Henry Ford Defends Son’s Draft Exemption

For seven days, Henry Ford sat on the witness stand in Mt. Clemens, Michigan, answering questions in a trial that had already drawn national attention. 

But in the final hour of his testimony, the focus shifted from Ford himself to his son, Edsel, and the wartime accusation that the young president of the Ford Motor Company had shirked military duty.

Ford took full responsibility for Edsel’s draft exemption, saying his son had wanted to enlist but was needed in the factory for war work. He also revealed that Edsel had refused offers of comfortable commissions that would have given him a uniform without taking him away from the plant. 

In Ford’s telling, there was no “swivel chair” soldiering for his son. His son failing to serve in the military was merely a difficult decision made in the name of wartime production.

No Swivel Chair For Ford’s Son

MT. CLEMENS, Michigan. — Henry Ford, during the last hour of his seven days on the witness stand, took occasion to claim full responsibility for his son, Edsel Ford’s claim for exemption from the selective draft.

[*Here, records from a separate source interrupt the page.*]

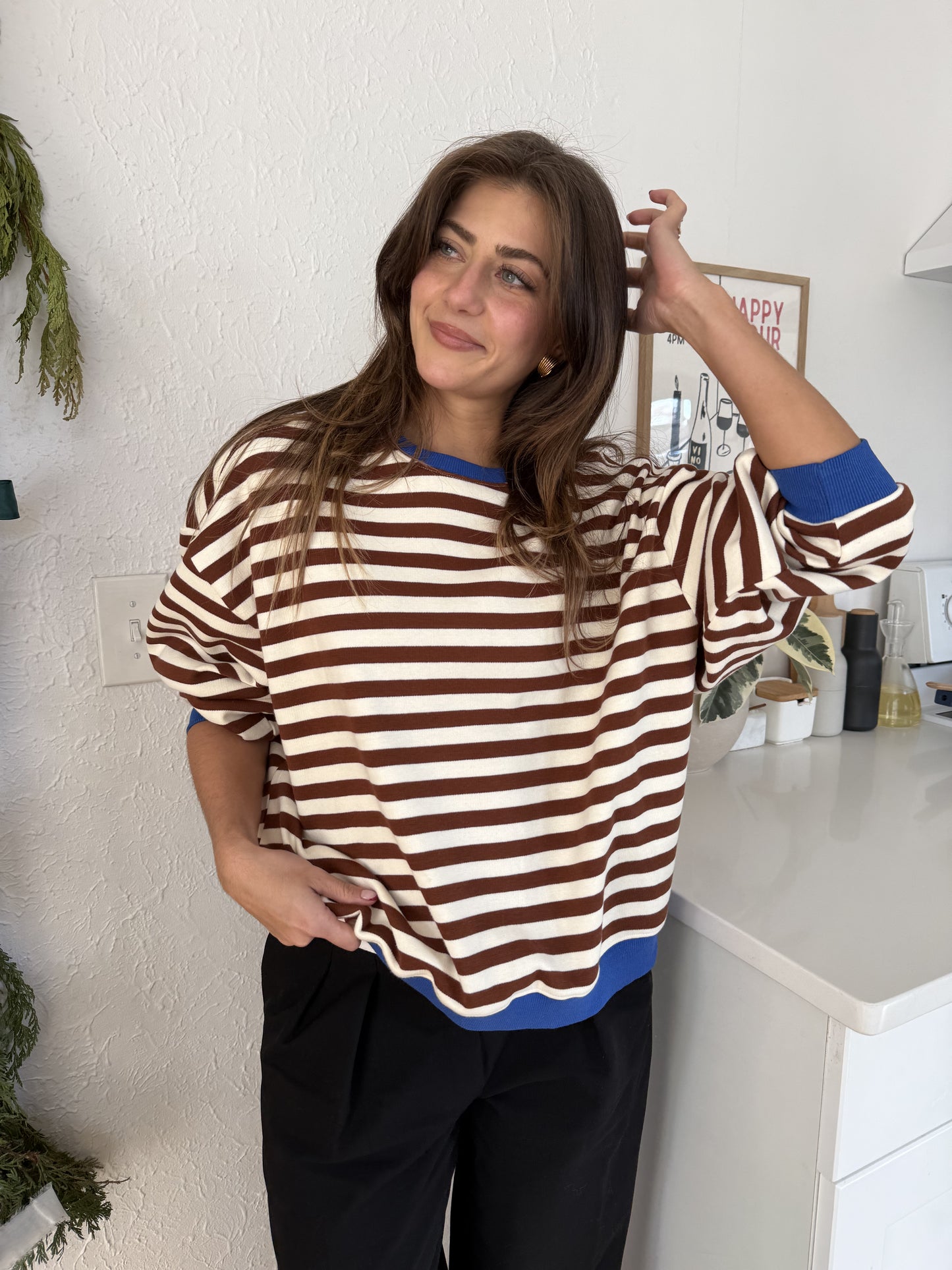 Things Between Phoebe Striped Cotton Pullover Sweatshirt (Blue)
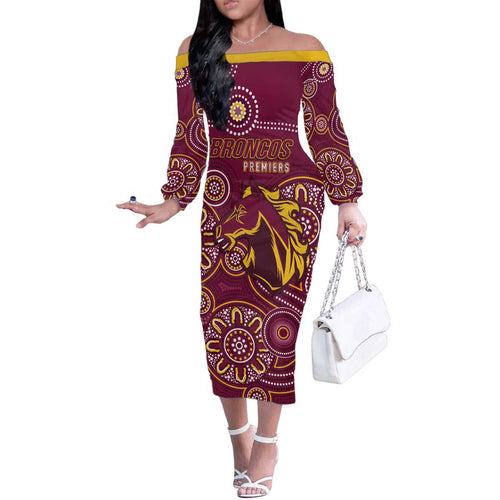 Brisbane Rugby NRL Custom Indigenous Family Matching Off The Shoulder Long Sleeve Dress and Hawaiian Shirt The Mighty Broncos - Aussie Hoodie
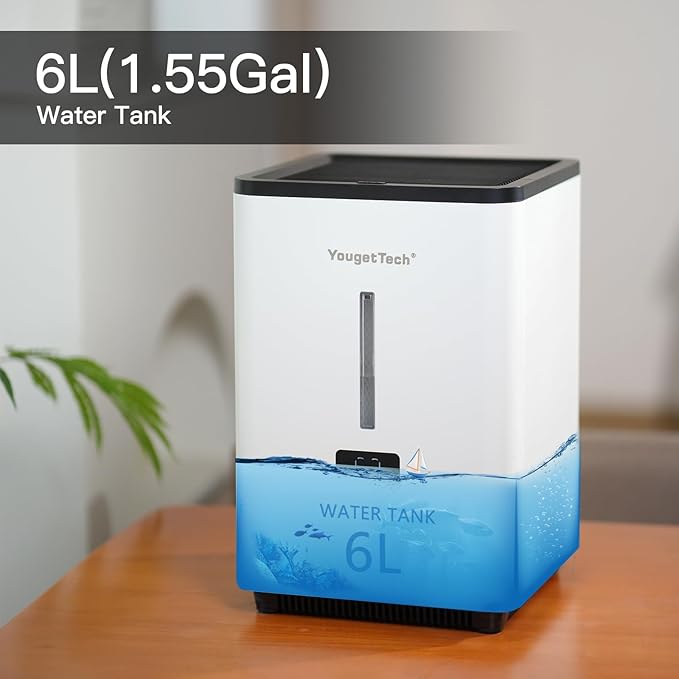 Evaporative Humidifiers for Bedroom Large Room|1.55Gallons|20W evaporative cool mist humidifier|7 Speed | MAX Output 1000 ml/h | Auto Humid | Top Filling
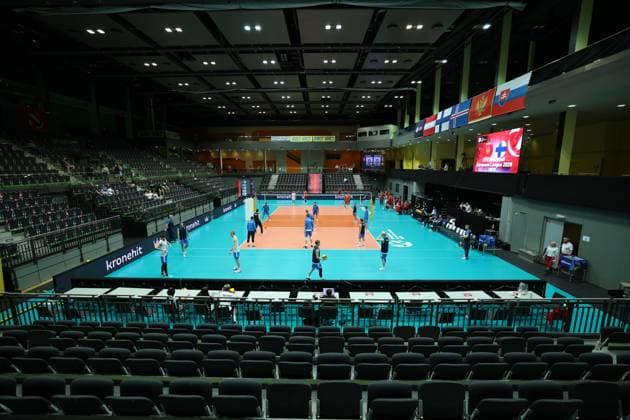 06.June. 2026 – Volleyball – CEV Volleyball European League 2026 - Men ,MONTENEGRO vs FINLAND general view of the stadium Lower Austria Lower Austria , AUSTRIA – Multiversum Schwechat Multiversum Schwechat AUSTRIA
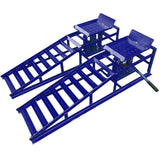 Garvee Auffahrrampe, Tragkraft 5443 kg, Metal robust Antideslizante, Ajuste Altura 25-38 cm, für Garage, Blau - Blau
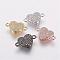 Brass Micro Pave Cubic Zirconia Links, Heart, Mixed Color, 18x11.5x4mm, Hole: 2mm
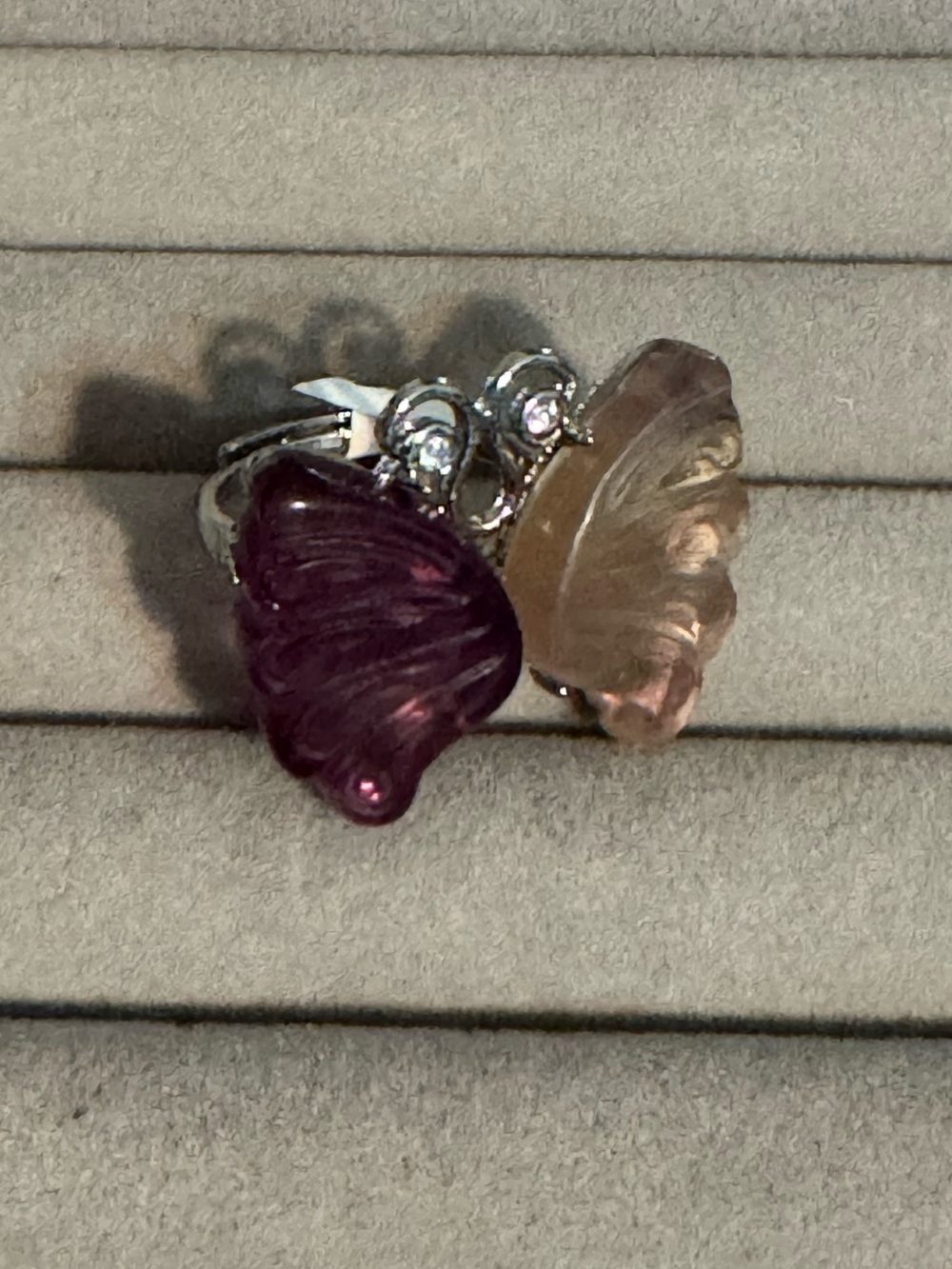 Fluorite Butterdly ring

“He wanted to enlist,” said Mr. Ford, “but I told him that he could do more good where he was. He was offered several commissions which would have permitted him to wear a uniform and stay right in the factory, but he wouldn’t accept them.”

Having made their decision, it was shown, both Mr. Ford and his son refused to camouflage it behind a swivel chair commission carrying boots and spurs.

This subject, the introduction of which has been awaited ever since the trial opened, did not develop along the lines which had been generally expected. Mt. Ford’s inclination to should full responsibility, his statement that his son was absolutely essential to the war work being done in the factory and his revelation of the fact that Edsel Ford turned down several offers of a commission, disarmed criticism.

The charges, spread during a political campaign, and recently on the floor of the United States Senate, to the effect that the young president of the Ford Motor Company had shirked his duty were so fully refuted that Tribune Counsel did not pursue the point.

It was the first time that a full explanation of the facts in connection with Edsel Ford’s war work has been made public and it was easily the feature of the eleventh week of the trial.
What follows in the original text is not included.